À moins d’un mois de la présidentielle d’octobre 2025, l’ancien ministre de l’Enseignement supérieur et de la Recherche scientifique, Gnamien Konan, tire la sonnette d’alarme sur l’atmosphère politique tendue qui entoure ce scrutin. Dans une déclaration aux allures de réquisitoire, il met en garde contre l’illusion que des élections, aussi transparentes soient-elles, suffiraient à réconcilier un peuple meurtri par trois décennies de crises politiques.
Pour l’ancien ministre Gnamien Konan, l’une des grandes inquiétudes réside dans l’absence remarquée des acteurs religieux et traditionnels dans la médiation nationale. « Où sont les hommes de paix ? Où sont nos religieux, nos rois et chefs traditionnels ? », s’interroge-t-il, dénonçant un vide institutionnel et moral. Gnamien Konan estime que ces figures, censées être des gardiens de l’unité et de la cohésion nationale, se sont murées dans un silence assourdissant, alors que la Côte d’Ivoire traverse une période décisive de son histoire.

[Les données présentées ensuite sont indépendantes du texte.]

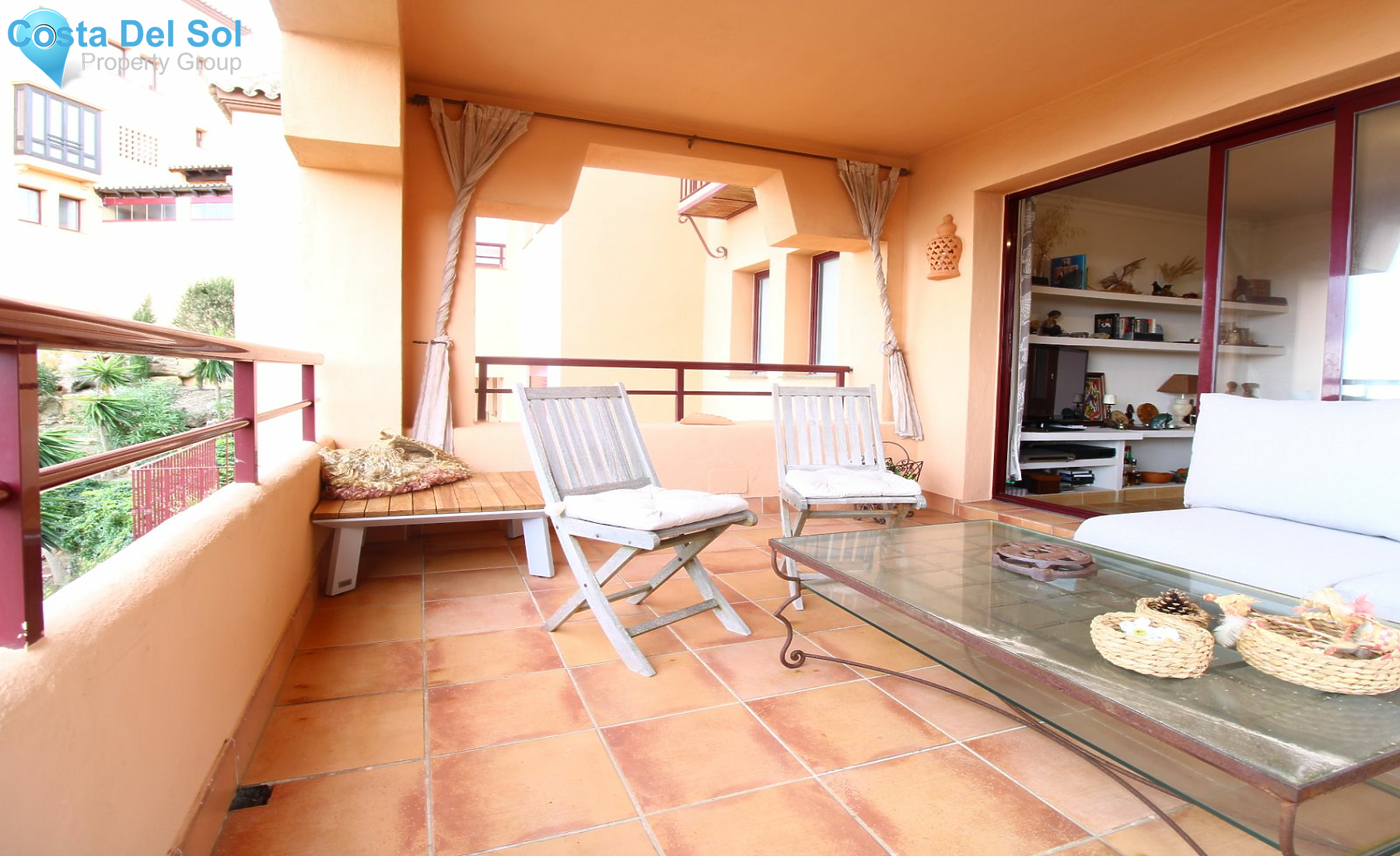 Ground Floor Apartment in Calahonda-1492015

Le Grand Médiateur et le Président de la République interpellés
Il interpelle également le Grand Médiateur et le Président de la République, qu’il accuse de ne pas assumer pleinement leur rôle d’arbitre et de rassembleur et pointe du doigt une élite plus soucieuse de préserver des intérêts égoïstes que de construire un avenir de paix.
Dans son analyse, Gnamien Konan ne ménage pas la classe politique, qu’il accuse de nourrir la division à des fins personnelles. Selon lui, des responsables payés par les impôts des Ivoiriens sillonnent le pays pour attiser les clivages, au lieu de prêcher l’unité. « Depuis des décennies, ces acteurs qui, sans la politique, ne seraient rien, occupent les plateaux de télévision pour vociférer la division », martèle-t-il.
Le procureur veut traiter les symptômes en oubliant la maladie
L’ancien ministre déplore également l’attitude de certains compatriotes qui, selon lui, se complaisent à dénigrer la Côte d’Ivoire à l’étranger, contribuant à ternir son image sur la scène internationale. Pour lui, la véritable maladie du pays n’est pas judiciaire mais morale et politique : « Le procureur veut traiter les symptômes en oubliant la maladie », illustre-t-il, soulignant que la réconciliation ne se décrète pas, mais se construit sur l’humilité et la reconnaissance mutuelle.
Dans son plaidoyer, Gnamien Konan invoque l’héritage de Félix Houphouët-Boigny, père fondateur de la nation ivoirienne, qu’il présente comme un modèle de dialogue et de recherche constante de la paix. Il invite les acteurs politiques à s’inspirer de cette philosophie pour privilégier l’intérêt supérieur de la nation.
Retrouvons l’esprit d’Houphouët-Boigny
« Si nous sommes vraiment les enfants d’Houphouët-Boigny, nous pouvons trouver une voie », affirme-t-il, appelant à dépasser les querelles partisanes pour bâtir une Côte d’Ivoire inclusive et prospère.
L’ancien ministre rappelle que les scrutins passés n’ont pas apporté la réconciliation attendue, mais au contraire aggravé les fractures sociales et politiques. Selon lui, les élections à venir risquent de consacrer la victoire d’un camp sur l’autre, sans pour autant rapprocher les Ivoiriens. « Voilà trois décennies que ça dure », rappelle-t-il, en soulignant que la véritable victoire ne se mesure pas au triomphe électoral, mais à la capacité de construire la cohésion nationale.
Ivoiriens, mes frères, Ivoiriennes, mes sœurs, ressaisissons-nous. Le monde entier nous regarde
Enfin, Gnamien Konan en appelle directement au peuple ivoirien. « Ivoiriens, mes frères, Ivoiriennes, mes sœurs, ressaisissons-nous. Le monde entier nous regarde », exhorte-t-il. Pour lui, la paix et la réconciliation ne relèvent pas seulement des institutions, mais de la responsabilité collective de chaque citoyen.
À travers ce message fort, l’ancien ministre met en évidence les défis majeurs de la Côte d’Ivoire à l’aube de la présidentielle 2025 : transformer le rendez-vous électoral en une opportunité de dialogue, et non en une nouvelle étape de division.